Fixed it for ya Stef - I have known Gillian for well over 10 years and she is a NUTTER :lol:

Charlene


----------



## GiddersTT (Dec 6, 2010)

:lol: :lol:Ive got a Mk1 v6


----------



## V6RUL (May 28, 2009)

GiddersTT said:


> :lol: :lol:Ive got a Mk1 v6


yup, a beast.. :roll: 
Steve


----------



## GiddersTT (Dec 6, 2010)

Can you update my post,have got my number now which is CC2127
Cheers Paul


----------



## tony_rigby_uk (Nov 27, 2008)

GiddersTT said:


> Can you update my post,have got my number now which is CC2127
> Cheers Paul


Your updated matey !!!

Anyother Takers for the day... and also those without numbers can you please get them... we need a few TT's in the leaderboard this year !!


----------



## Charlie (Dec 15, 2006)

GiddersTT said:


> Can you update my post,have got my number now which is CC2127
> Cheers Paul


Bloody hell Gillian, you're actually putting your money where your mouth is  see you tomorrow dude

Charlene


----------



## TT_Tesh (Feb 22, 2009)

Me and Emma are in!!

No run though. Its too slow in comparison!!


----------



## Charlie (Dec 15, 2006)

TT_Tesh said:


> Me and Emma are in!!
> 
> No run though. Its too slow in comparison!!

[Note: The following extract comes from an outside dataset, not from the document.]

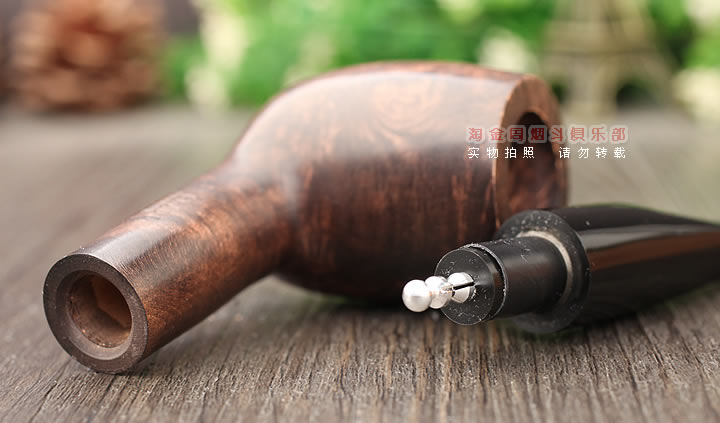 ����CHACOM CCʯ�ľ�̶� POCHETTE ST CLAUDE ʥ���͵���װ��T1-7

I'll believe it when I see it Tesh 

Charlie


----------



## SAVTT240 (Mar 29, 2009)

Charlie said:


> TT_Tesh said:
> 
> 
> > Me and Emma are in!!
> ...


+1 :lol: :lol: :lol: 
Only ever met tesh once at a charlie meet, then never saw him again   :lol: :lol:

See you there :roll: hopefully :wink:


----------



## burns (Jun 2, 2009)

Ok Rigby - you twisted my arm at the meet so stick me on the list!


----------



## tony_rigby_uk (Nov 27, 2008)

burns said:


> Ok Rigby - you twisted my arm at the meet so stick me on the list!


are you running sarah


----------



## burns (Jun 2, 2009)

tony_rigby_uk said:


> burns said:
> 
> 
> > Ok Rigby - you twisted my arm at the meet so stick me on the list!
> ...


I might be tempted! Methinks it would be rude not to! :twisted:


----------



## TTsline02 (Dec 9, 2008)

burns said:


> tony_rigby_uk said:
> 
> 
> > burns said:
> ...


 [smiley=dude.gif]


----------



## burns (Jun 2, 2009)

TTsline02 said:


> [smiley=dude.gif]


Indeed - really looking forward to this now!

And have got me a race numbery thing so Mr Rigby, can you please add it to your listy thing on the first page? CC2154. 8)


----------



## burns (Jun 2, 2009)

Ok, not that I want to appear high maintenance (well, not on a public forum anyway!) but I have a question.

Is the race number per person or per car? The reason I ask is that Mr B (Burns Snr) is going to come along if he can get the day off work, and he would probably like to stuff the TT up the quarter mile as well. So does he have a go on my race number or do we pay separately for him?


----------



## SAVTT240 (Mar 29, 2009)

burns said:


> Ok, not that I want to appear high maintenance (well, not on a public forum anyway!) but I have a question.
> 
> Is the race number per person or per car? The reason I ask is that Mr B (Burns Snr) is going to come along if he can get the day off work, and he would probably like to stuff the TT up the quarter mile as well. So does he have a go on my race number or do we pay separately for him?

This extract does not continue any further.